Livro não ignora os excessos de George Steiner

"Tigres no Espelho" destaca prosa elegante e ansiosa de um dos principais colaboradores da revista "New Yorker"

MARCELO COELHO
COLUNISTA DA FOLHA

Estes artigos do crítico literário George Steiner constituem um guia confiável para quem tiver pouca ou nenhuma informação sobre autores como Jorge Luis Borges, Alexander Soljenitsin, Simone Weil, Elias Canetti ou Louis-Ferdinand Céline.

Alguns desses nomes eram certamente novidade nos Estados Unidos nas décadas de 1970 e 1980 -época em que mais da metade dos textos de "Tigres no Espelho" foi publicada, originalmente para a revista "New Yorker".

Mesmo com o relativo atraso brasileiro com relação às vogas literárias, poucos artigos deste livro trazem novidade para, digamos, o público que acompanha os lançamentos da Companhia das Letras nos últimos vinte anos.

Uma dessas exceções é o texto sobre "Il Giorno del Giudizio", um "romance antropológico" retratando a vida em um vilarejo da Sardenha, escrito por Salvatore Satta (1902-1975).

George Steiner é um crítico que sabe elogiar, e a maioria de seus textos é um convite para outras leituras.

Em "Nenhuma Paixão Desperdiçada" (Record, 2001), por exemplo, uma longa introdução à Bíblia é capaz de eliminar qualquer preguiça ou preconceito por parte do leitor moderno.

Não lhe falta, tampouco, a capacidade de contextualizar, com grande riqueza de referências, uma obra sobre a qual muito já foi dito.

Em "Tigres no Espelho", as fontes que inspiraram George Orwell para o clássico "1984" são balanceadas com precisão -e, já em tom mais crítico, Steiner relaciona a crueldade do autor ao sadismo de Jonathan Swift.

ELEGANTE E ANSIOSO

Apenas dois textos encontram Steiner em veia de desaprovação.

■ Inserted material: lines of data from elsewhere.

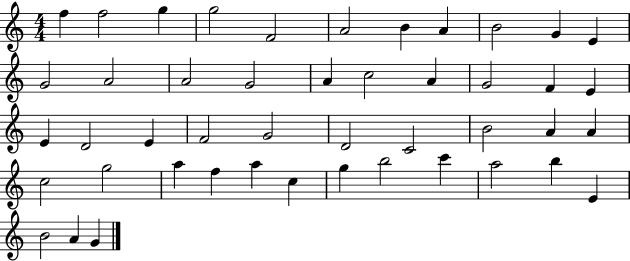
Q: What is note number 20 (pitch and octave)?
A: F4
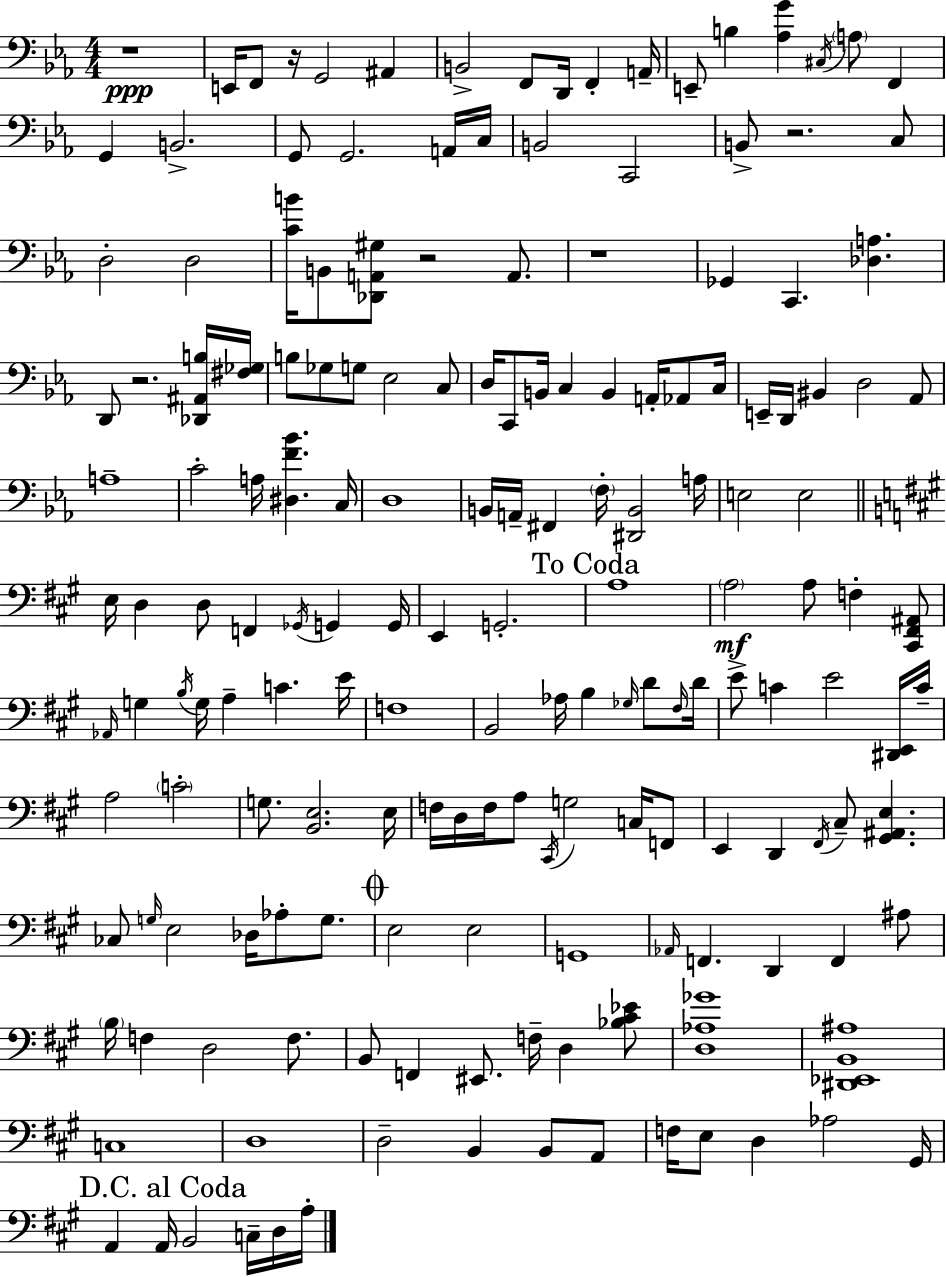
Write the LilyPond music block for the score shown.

{
  \clef bass
  \numericTimeSignature
  \time 4/4
  \key ees \major
  r1\ppp | e,16 f,8 r16 g,2 ais,4 | b,2-> f,8 d,16 f,4-. a,16-- | e,8-- b4 <aes g'>4 \acciaccatura { cis16 } \parenthesize a8 f,4 | \break g,4 b,2.-> | g,8 g,2. a,16 | c16 b,2 c,2 | b,8-> r2. c8 | \break d2-. d2 | <c' b'>16 b,8 <des, a, gis>8 r2 a,8. | r1 | ges,4 c,4. <des a>4. | \break d,8 r2. <des, ais, b>16 | <fis ges>16 b8 ges8 g8 ees2 c8 | d16 c,8 b,16 c4 b,4 a,16-. aes,8 | c16 e,16-- d,16 bis,4 d2 aes,8 | \break a1-- | c'2-. a16 <dis f' bes'>4. | c16 d1 | b,16 a,16-- fis,4 \parenthesize f16-. <dis, b,>2 | \break a16 e2 e2 | \bar "||" \break \key a \major e16 d4 d8 f,4 \acciaccatura { ges,16 } g,4 | g,16 e,4 g,2.-. | \mark "To Coda" a1 | \parenthesize a2\mf a8 f4-. <cis, fis, ais,>8 | \break \grace { aes,16 } g4 \acciaccatura { b16 } g16 a4-- c'4. | e'16 f1 | b,2 aes16 b4 | \grace { ges16 } d'8 \grace { fis16 } d'16 e'8-> c'4 e'2 | \break <dis, e,>16 c'16-- a2 \parenthesize c'2-. | g8. <b, e>2. | e16 f16 d16 f16 a8 \acciaccatura { cis,16 } g2 | c16 f,8 e,4 d,4 \acciaccatura { fis,16 } cis8-- | \break <gis, ais, e>4. ces8 \grace { g16 } e2 | des16 aes8-. g8. \mark \markup { \musicglyph "scripts.coda" } e2 | e2 g,1 | \grace { aes,16 } f,4. d,4 | \break f,4 ais8 \parenthesize b16 f4 d2 | f8. b,8 f,4 eis,8. | f16-- d4 <bes cis' ees'>8 <d aes ges'>1 | <dis, ees, b, ais>1 | \break c1 | d1 | d2-- | b,4 b,8 a,8 f16 e8 d4 | \break aes2 gis,16 \mark "D.C. al Coda" a,4 a,16 b,2 | c16-- d16 a16-. \bar "|."
}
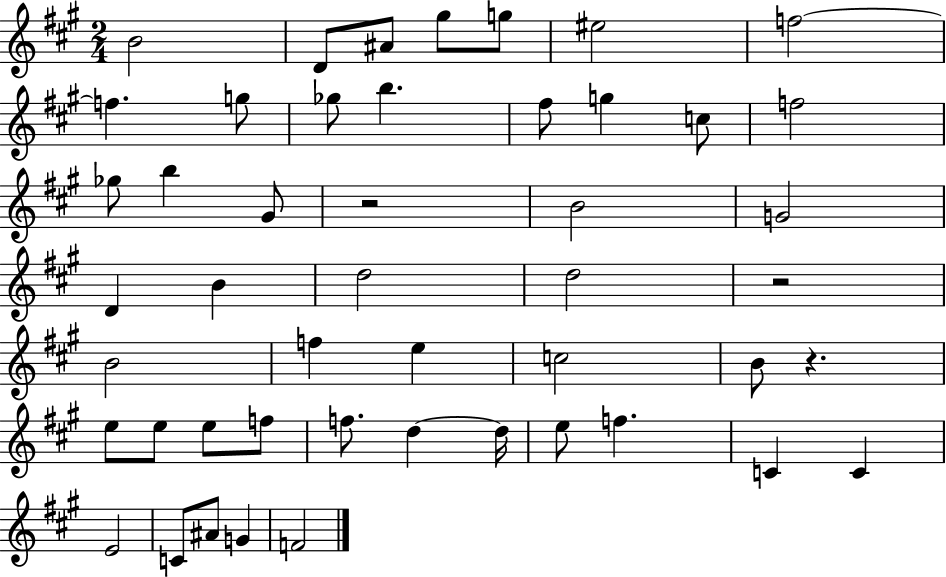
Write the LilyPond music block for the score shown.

{
  \clef treble
  \numericTimeSignature
  \time 2/4
  \key a \major
  \repeat volta 2 { b'2 | d'8 ais'8 gis''8 g''8 | eis''2 | f''2~~ | \break f''4. g''8 | ges''8 b''4. | fis''8 g''4 c''8 | f''2 | \break ges''8 b''4 gis'8 | r2 | b'2 | g'2 | \break d'4 b'4 | d''2 | d''2 | r2 | \break b'2 | f''4 e''4 | c''2 | b'8 r4. | \break e''8 e''8 e''8 f''8 | f''8. d''4~~ d''16 | e''8 f''4. | c'4 c'4 | \break e'2 | c'8 ais'8 g'4 | f'2 | } \bar "|."
}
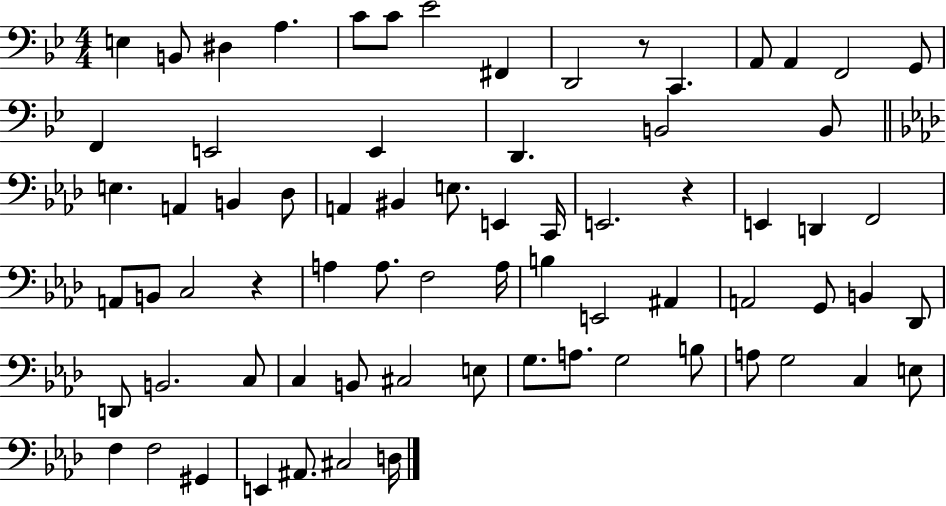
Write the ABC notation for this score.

X:1
T:Untitled
M:4/4
L:1/4
K:Bb
E, B,,/2 ^D, A, C/2 C/2 _E2 ^F,, D,,2 z/2 C,, A,,/2 A,, F,,2 G,,/2 F,, E,,2 E,, D,, B,,2 B,,/2 E, A,, B,, _D,/2 A,, ^B,, E,/2 E,, C,,/4 E,,2 z E,, D,, F,,2 A,,/2 B,,/2 C,2 z A, A,/2 F,2 A,/4 B, E,,2 ^A,, A,,2 G,,/2 B,, _D,,/2 D,,/2 B,,2 C,/2 C, B,,/2 ^C,2 E,/2 G,/2 A,/2 G,2 B,/2 A,/2 G,2 C, E,/2 F, F,2 ^G,, E,, ^A,,/2 ^C,2 D,/4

O primeiro discorre sobre o pessimismo de E. M. Cioran, no qual se identifica -corretamente, mas com algum nervosismo- um forte componente de pose.

O pós-modernista John Barth também origina um artigo irritado em "Tigres no Espelho". O excesso de piadas eruditas e referências ocultas -que Steiner, como ninguém, é capaz de decifrar-parece-lhe de um narcisismo imperdoável.

Seja como for, a prosa lisa e admirativa de Steiner tende mais para o perfil jornalístico elegante do que para uma intervenção crítica pessoal.

Por vezes, o assunto justifica por si mesmo essa neutralidade -como no retrato de sir. Anthony Blunt, historiador da arte, conviva da rainha da Inglaterra e, ao mesmo tempo, espião soviético.

Quando se trata de autores conhecidos hoje em dia, como Lévi-Strauss (em artigo de 1974) ou Samuel Beckett (em texto de 1968), temos a impressão de um anfitrião excessivamente educado.

O autor se mostra ansioso por fazer apresentações e homenagens numa roda na qual ele próprio se sente inseguro -a saber, a dos leitores mais mundanos da "New Yorker".

Há uma certa obsequiosidade que cai por vezes no sentencioso e no banal.

Veja-se, por exemplo, esta frase sobre Arthur Koestler: "Existem em todas as eras e sociedades homens e mulheres que prestam um testemunho essencial, cujas sensibilidades pessoais e vidas individuais concentram e estampam em si os significados mais amplos da época".

O título do artigo, "La Morte d'Arthur", expressa bem -fazendo menção gratuita a um clássico do século 15- esse tipo de grã-finismo de consumo cultural.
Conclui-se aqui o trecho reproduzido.